W poniedziałek Ministerstwo Zdrowia zaraportowało o 5 733 nowych przypadkach zakażenia koronawirusem. Poinformowano też o śmierci kolejnych 121 pacjentów. Ubiegłej doby wykonano 25,1 tys. testów. Dzień wcześniej resort przekazał, że było ich 24,6 tys. W sobotę poinformowano natomiast o 42,1 tys. wykonanych testów.
Podczas poniedziałkowej konferencji prasowej minister zdrowia Adam Niedzielski został zapytany o spadającą w ostatnich dniach liczbę wykonywanych badań pod kątem zakażenia wirusem SARS-CoV-2.
- Dzisiejsza niska liczba to przede wszystkim jest kwestia weekendu, a wręcz niedzieli, kiedy to badań jest mniej robionych i punkty drive-thru są otwarte nie w tak szerokiej dostępności. Ja bym żadnych wniosków nie wyciągał z dzisiejszych wyników - podkreślił szef resortu zdrowia.

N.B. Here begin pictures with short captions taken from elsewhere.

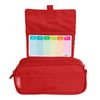 Colepack23 - Estuche Triple De 3 Cremalleras Con Material Escolar Incluido. Rojo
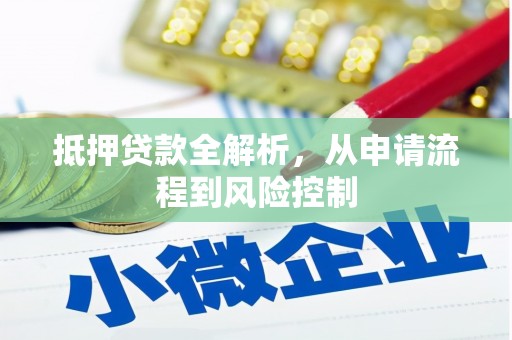毕节抵押贷款全解析，从申请流程到风险控制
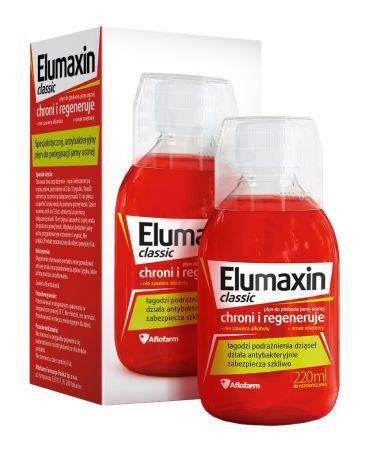 Elumaxin Classic Płyn do płukania jamy ustnej, 220 ml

Niedzielski zapowiedział też, że wkrótce w całej Polsce możliwe będzie wykonanie testu antygenowego w placówce POZ. Zaznaczył jednak, że nie wszyscy otrzymają skierowanie na test, bowiem o dopuszczeniu do badania będzie decydował lekarz pierwszego kontaktu.
Dr Łukasz Jankowski, prezes okręgowej izby lekarskiej w Warszawie, ocenił, że mniejsza liczba wykonywanych testów może świadczyć o tym, że "nie panujemy nad przebiegiem epidemii". - Doszło też do pewnej erozji zaufania pacjentów w stosunku do systemu ochrony zdrowia, a więc i także do systemu testowania, kwarantanny i izolacji - ocenił Jankowski.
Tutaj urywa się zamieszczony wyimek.